L’article 700 du code de procédure civile, dans ses dispositions applicables à l’espèce, énonce que le juge condamne la partie tenue aux dépens ou qui perd son procès à payer à l’autre partie la somme qu’il détermine, au titre des frais exposés et non compris dans les dépens. Dans tous les cas, le juge tient compte de l’équité ou de la situation économique de la partie condamnée. Il peut, même d’office, pour des raisons tirées des mêmes considérations, dire qu’il n’y a pas lieu à ces condamnations. Les parties peuvent produire les justificatifs des sommes qu’elles demandent.
Partie perdante, M. [H] ne remplit pas les conditions requises pour prétendre à l’octroi d’une indemnité de procédure. Sa demande en ce sens est rejetée.
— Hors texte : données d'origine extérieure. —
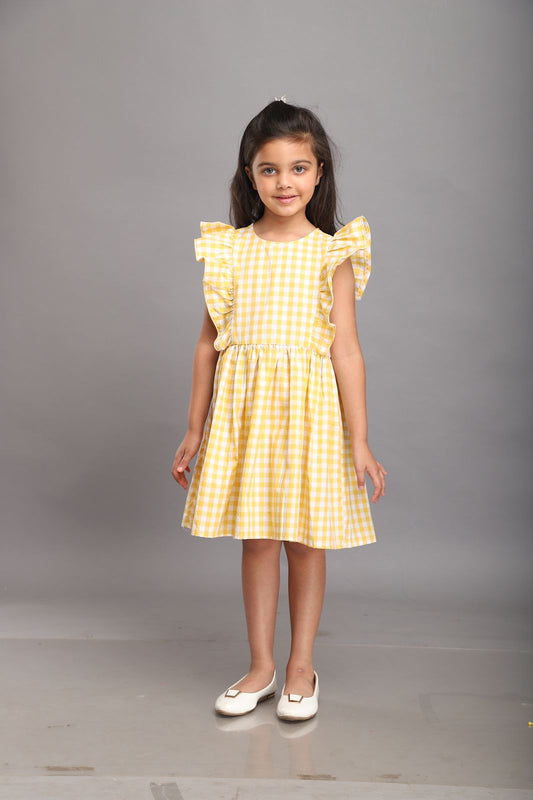 Yellow & White Checks Dress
Il n’est pas justifié de la nécessité d’assortir le présent jugement de l’exécution provisoire, laquelle n’est, sauf exception, pas de droit en matière de contentieux de la sécurité sociale. Elle n’est incidemment pas sollicitée. Il n’y a donc pas lieu de l’ordonner.
PAR CES MOTIFS
Le pôle social du tribunal judiciaire, statuant après débats en audience publique, par jugement contradictoire en premier ressort, publiquement mis à disposition au greffe,
Déclare la caisse primaire d’assurance maladie de l’Oise irrecevable en sa demande de condamnation de M. [I] [H] à lui rembourser la somme versée au titre de la pension d’invalidité servie au titre du mois d’août 2020,
Déclare la caisse primaire d’assurance maladie de l’Oise recevable en sa demande de condamnation de M. [I] [H] à lui rembourser les sommes versées au titre de la pension d’invalidité servie au titre des mois de septembre 2020 à mars 2021,
Rejette la demande d’annulation de l’indu formée par M. [I] [H] au titre de la pension d’invalidité perçue par celui-ci au titre des mois de septembre 2020 à mars 2021,
Condamne M. [I] [H] à payer à la caisse primaire d’assurance maladie de l’Oise les sommes indument perçues au titre de sa pension d’invalidité pour les mois de septembre 2020 à mars 2021,
Condamne M. [I] [H] aux dépens,
Rejette la demande de M. [I] [H] au titre de l’article 700 du code de procédure civile,
Dit n’y avoir lieu à exécution provisoire.